DATA PROVIDED:
---------------
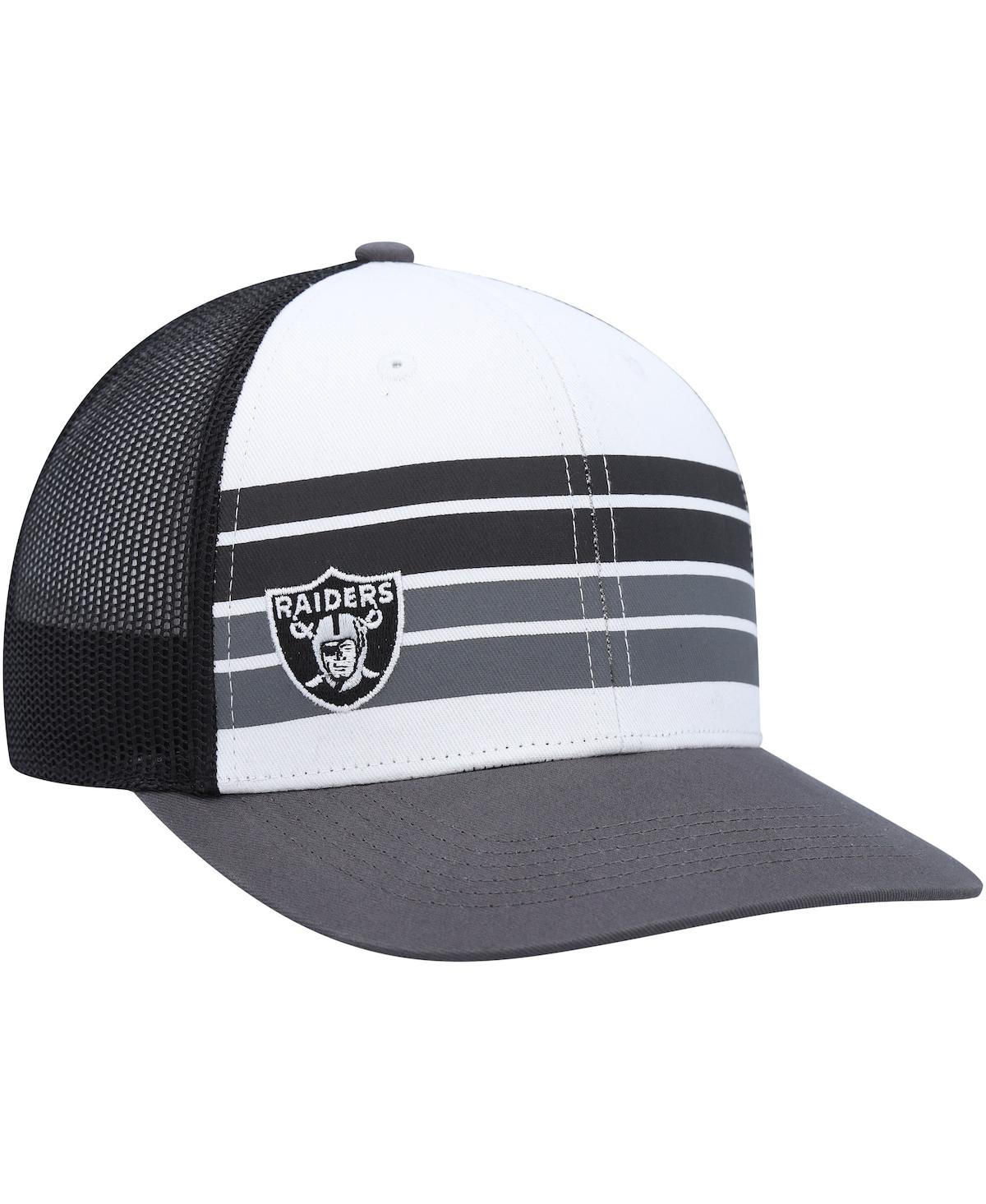 47 Brand Kids' Big Boys ' White, Charcoal Las Vegas Raiders Cove Trucker Snapback Hat In White,charcoal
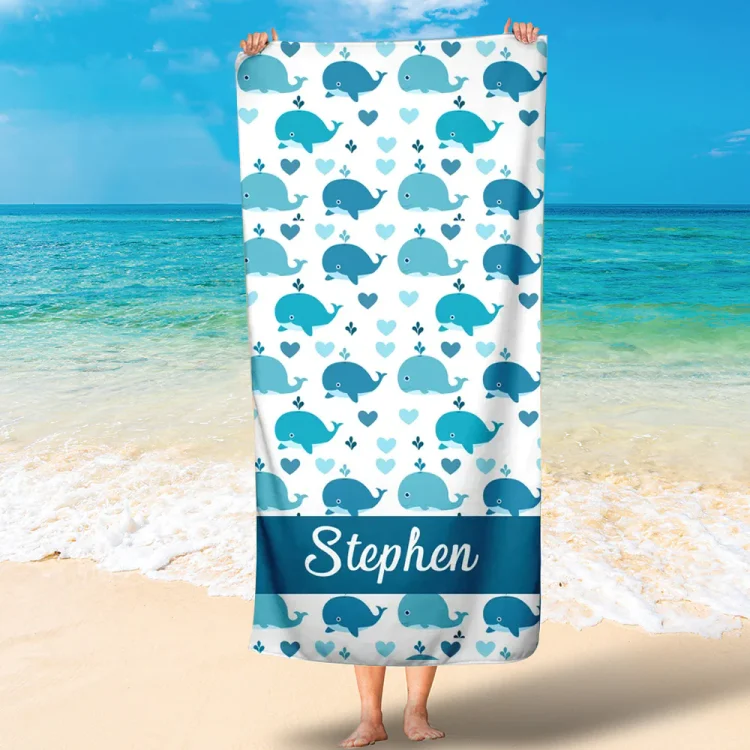 Whale Personalized Beach Towel Customized Name Bath Towel Blanket Summer Gift for Family/Friends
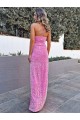 Affordable Sheath Halter Neck Velvet Sequins Long Velvet Sequin Evening Dress Canada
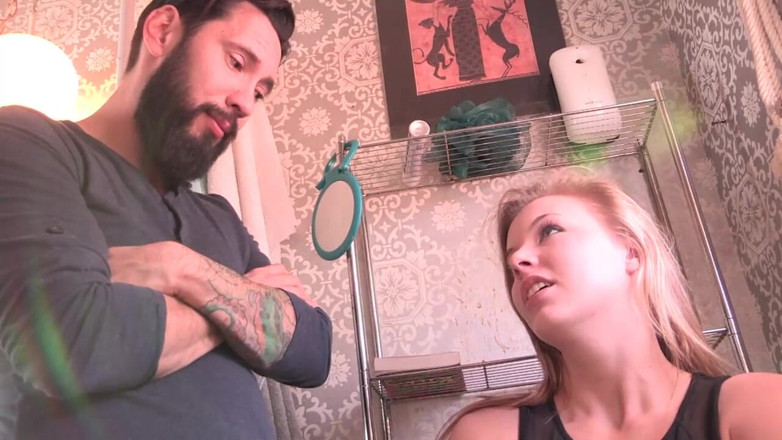 Young Sinner: Pretty young blonde sucking a hard cock in the bathroom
---------------
WORK ITEM:
The result should be the same data as above, line for line, with the pictures gone.

SOLUTION TO THE EXERCISE:
 47 Brand Kids' Big Boys ' White, Charcoal Las Vegas Raiders Cove Trucker Snapback Hat In White,charcoal
 Whale Personalized Beach Towel Customized Name Bath Towel Blanket Summer Gift for Family/Friends
 Affordable Sheath Halter Neck Velvet Sequins Long Velvet Sequin Evening Dress Canada
 Young Sinner: Pretty young blonde sucking a hard cock in the bathroom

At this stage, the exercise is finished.